I am back here staying on Regent Street at Langham Place, overlooking the rather severe spire of All Souls Church and a vast part of the city. I had this urge to aimlessly walk. Walking on the shopping streets for lunch on a summer day is like a tropical carnival with well-endowed summer birds in lingerie and plumage. The streets have a fever of personalized fashion, creative freedom and the general sunshine for your mind. Belgian confectioners’ caramelized air, middle eastern women in tight fitting trousers and nothing much else, lanky locals in fancy spectacles, suits and thin leather portfolio cases, ambling big flowery ladies with flitting shaggy dogs, shaded Bangaladeshis in brown trousers and striped shirts, Indian kids with spiked hair and hip-hop pimp roll, huge Keira staring from the bus sides, advertisements for a Kerala Restaurant, African bike messengers with sling bags and trunked radio and I was way hungry. I landed at this small Italian bistro called Strada with a pavement band serving Peroni Nastro Azzuro wth fantastic fare including wood fired gourmet pizzas. I had a beans and pasta soup with a salami pizza washed down with Peroni. I had to hit the tube soon.
Londoners love excessive information. The steel alien staring at me in the bathroom had a graduated scale, 20 30 40 50 60, written around a knob that turns if you press a sinister red button on its side. I turned it all the way around. While I was screaming as I was rendered impotent, I reckoned that it was the celcius scale. In the same vein I saw plenty of Asian tourist staring at the Tubemap in crowded stations. The key for the map took a huge estate of your mind space and along with inane information on minding the gaps between the train and the platform; spreading along the platform and not crowding at the entrance etcetera left you tired to plot your route. However, if you have the time and penchant for excess information, which I did, you will love the tube. The time I landed in London was a busy one – summer sale was on, World Cup on telly and so was Wimbledon. The trains were running full all the time. The tube is filled with characters that can pale a PG Wodehouse. Finished my meetings, met friends, downed some Grolsch (lovely bottle, bad beer) and headed for supper.
A huge soup pot of Kare Lomen at Wagamama with Ramen noodles, shrimp paste and grilled prawns in it was supper. Sitting next to a bunch of cackling teenage schoolgirls from America was not particularly appetizing. But Wag stood good. The sunset was at 10pm.
The dawn was at 4am. Long days. At five I was getting scorched in my bed. We had a meeting that morning and afternoon was free before I catch a flight back that night. At noon I was heading to the Design Museum on Butler’s Wharf near the Tower Bridge. Nothing interesting. I decided to walk the Thames to Tate Modern. This was the most exciting thing I had done for sometime. I found alleyways through glass and concrete, found hidden markets with vendors making spice rice, and heard England vs. Ecuador from quaint pubs with adobe walls, drank lemonade at an old prison and reached tired at Tate.

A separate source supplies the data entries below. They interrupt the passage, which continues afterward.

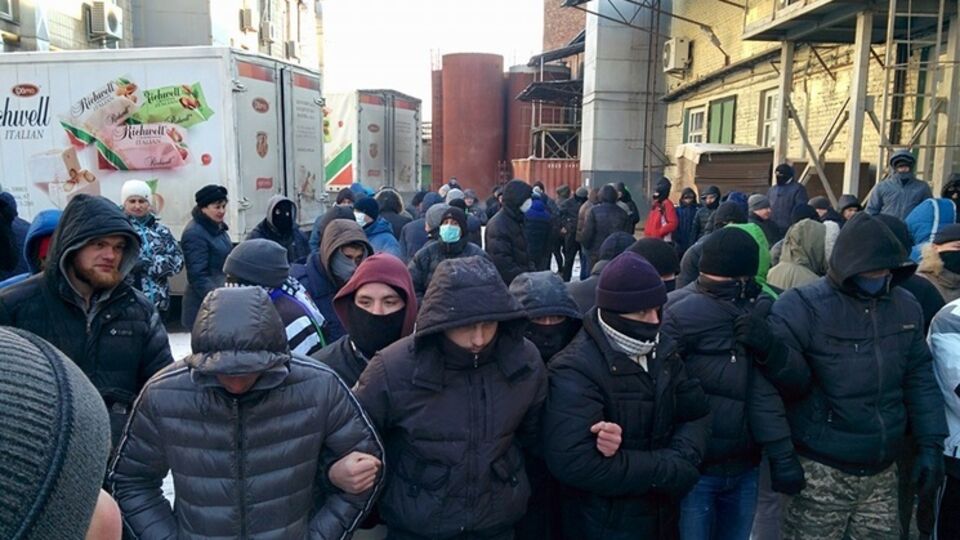 На журналистов напали титушки, полиция им не препятствовала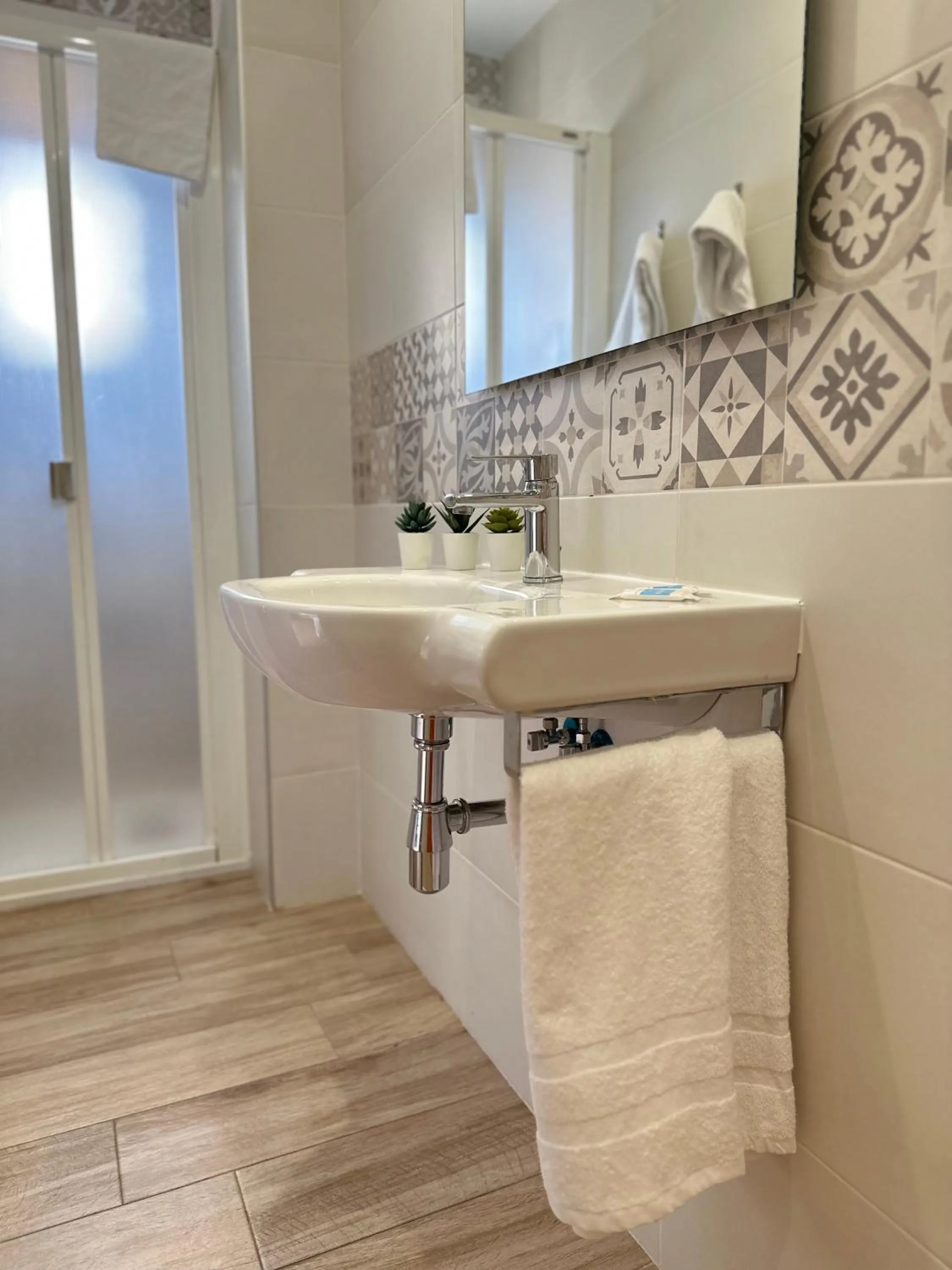 Bathroom in Hotel Planas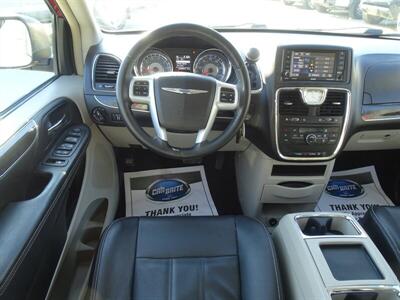 2014 Chrysler Town and Country Touring   - Photo 13 - Cincinnati, OH 45255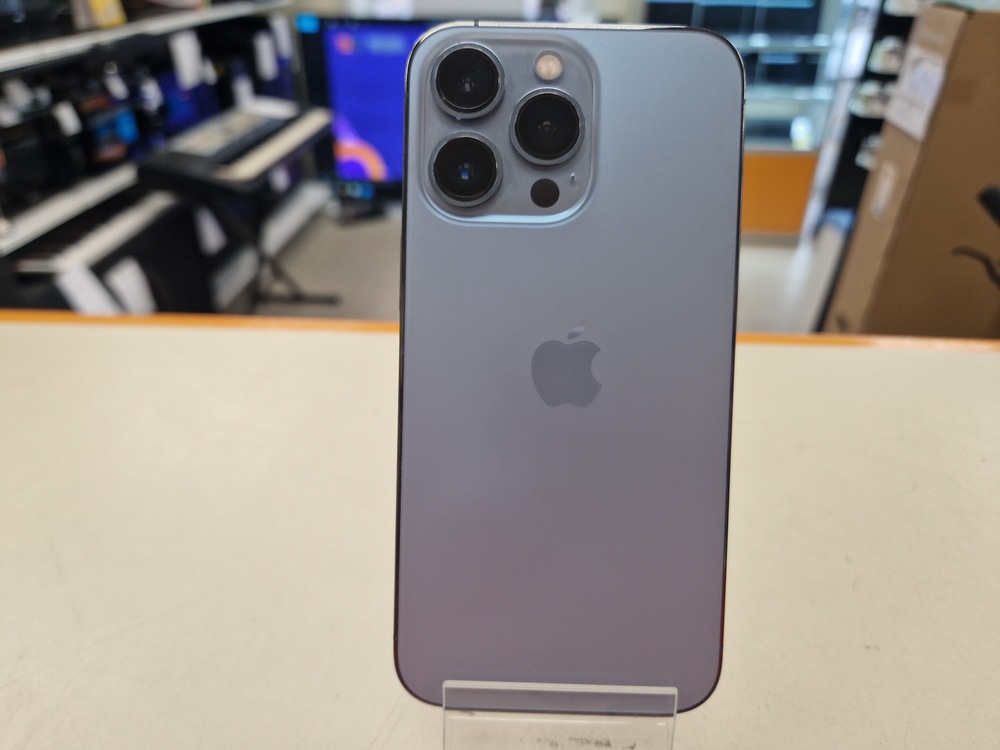 Смартфон Apple iPhone 13 Pro 256Gb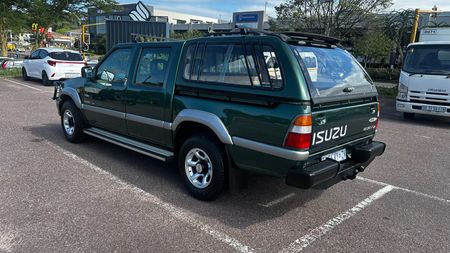 2001-Isuzu-KB-280-DT-LX-4x2-Double-Cab_2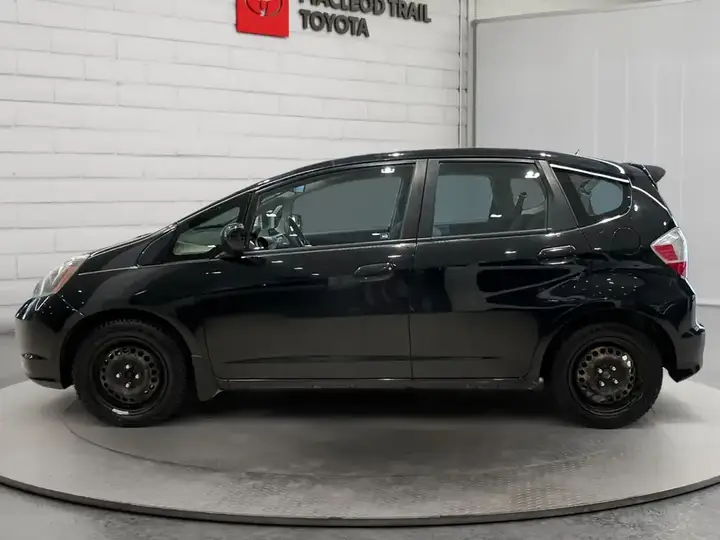 Honda Fit 2012 photo 2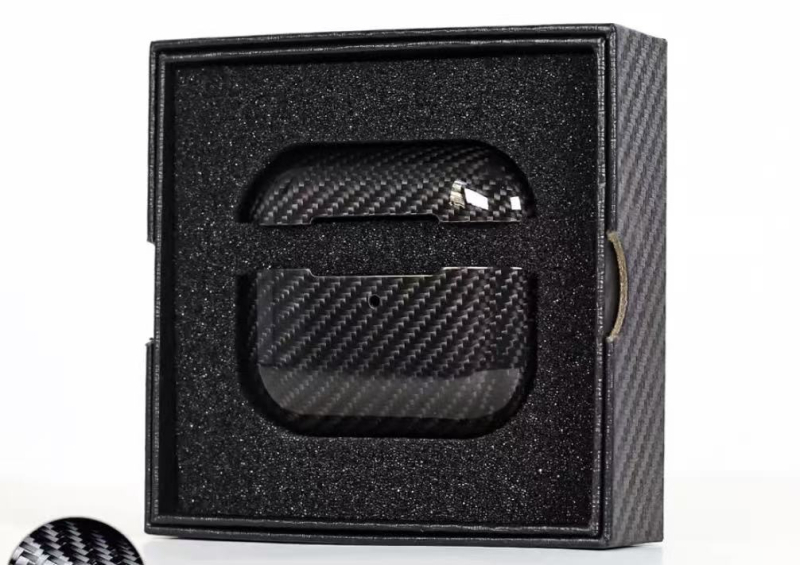Ochranný obal z karbónových vlákien pre AirPods Pro 3 a AirPods 3/4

Took a break, drank Lucozade, crossed the Millennium Bridge, visited St Pauls and burrowed into the Tube again. Resurfaced at Paddington to claim my left luggage and head to Heathrow.
Tate Modern was a thermo electric power station called Riverbank that was converted into this astounding temple as a homage to modern art and its patrons. On a sunny afternoon. The play of light on the main platform leaves you speechless. The carefully lit glazed elevator chutes and the backdrop of sheer brick walls, steel structures and space creates an ambience of a place of worship.
Talking about places of worship, St Paul is getting renovated. Londoners as always thought up of something smart to do while it is being repaired. The facade has been meticulously rendered as a pen and ink illustration on huge pieces of sheet screens that cover the front of the church. The eventual effect is authentic and interesting. Click on the photograph to see the facade better.
The structure till the circular cupola on top is a drawing. If you walk closer you can also notice that it is a precisely done cross hatch pattern that has been blown up. Interestingly the entire print has been grey-ed down to sepia to make it less stark.
As always I was running to the airport. London was and is the most charming place on earth. Feels like home!
Please excuse the quality of these pictures. They have all been shot on my Sony Ericsson K750i mobile phone 2.0 megapixel camera. I did not carry my other cameras and the quality suffers. I will make up for this mishap soon!
Tuesday, June 13, 2006
His & Hers – A comparative analysis of idiosyncratic neighbors. Part 1
I fell in love with a malayalee. When I was younger, probably less wise and way too brash I fell for a lass from a strip of land tucked between the sea and self importance.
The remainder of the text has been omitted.